E venne l'inverno, e venne la neve. E si sciolse. Un po' non ti pensavo più, gatto morto. Il che significa che inconsciamente la tua essenza era per me ormai una vera ossessione, tanto da doverti rimuovere - almeno dai pensieri, visto che nessuno ti aveva rimosso dalla tua tomba d'asfalto, foglie secche e pelliccia.
Presi il coraggio di tornare sul tuo lato della carreggiata. Perché la curiosità, qualsiasi curiosità, deve vincere la paura, qualsiasi paura. Anche quella di attraversare la statale, oltre che quella della morte (le due cose non sono poi così lontane).

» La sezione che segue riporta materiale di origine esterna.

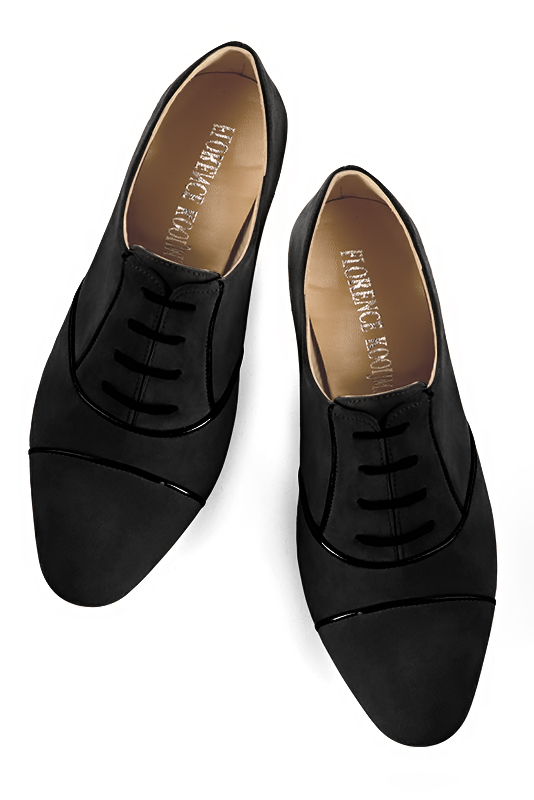 Matt black women's essential lace-up shoes. Round toe. Low flare heels. Top view - Florence KOOIJMAN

Gatto morto, che... buffo, che eri diventato. non dissimile dalle foglie morte e impantanate poco più in là. Era giusto la mia storia di passeggiatore sulla statale (...) che mi permetteva di distinguerti ancora come un'entità a sé stante. La mia cultura che ti isolava ancora da quel tutto che è la natura. A parte - e questa è la cosa buffa - per le zampe, giusto la cartilagine e i polpastrelli, che ancora sbucavano, distinti, da una massa informe. Non proprio repellente, più che altro strano. Quel minimo di disturbante che ancora percepivo derivava solo dalla mia consapevolezza pregressa in merito al gatto morto che eri stato e che eri sempre meno. Eppure sono ancora qui a riferirmi a te come gatto morto. Un po' per comodità, e un po' per farti gli auguri. In ritardo, perché oramai di auguri non è che tu abbia bisogno (se mai un gatto davvero abbia mai bisogno di qualcosa da un essere umano). E allora semplicemente grazie, gatto morto, per avermi offerto una testimonianza e una connessione di come l'Uno confluisca nel Tutto. Più efficace di un guru, di un libro, di un corso sulla morte per corrispondenza.
Il 2010 sarà un anno indimenticabile.
2 comments:
Insomma il gatto morto batte Daniele Bossari feauturing Franco Battiato 1-0.
Son soddisfazioni, per i gatti.
s
2 di notte. Passo sul tuo blog, quasi per caso, e mi imbatto in questo post, in queste parole, in questa esistenziale riflessione che scintilla di pura umiltà. Cosi finisce che l'innocente immobilità del gatto morto mi commuova quasi come si trattasse di cosa viva. C'è nulla da fare. La morte da te descritta parla la voce della Vita. E lo fa con forza, per chi ha la sensibilità di saperla ascoltare.
Grazie per il bel post, Andrea. Terrò in mente il prezioso insegnamento del gatto, come un buon proposito di inizio anno.
Per quanto mi riguarda il 2010 comincia da qui.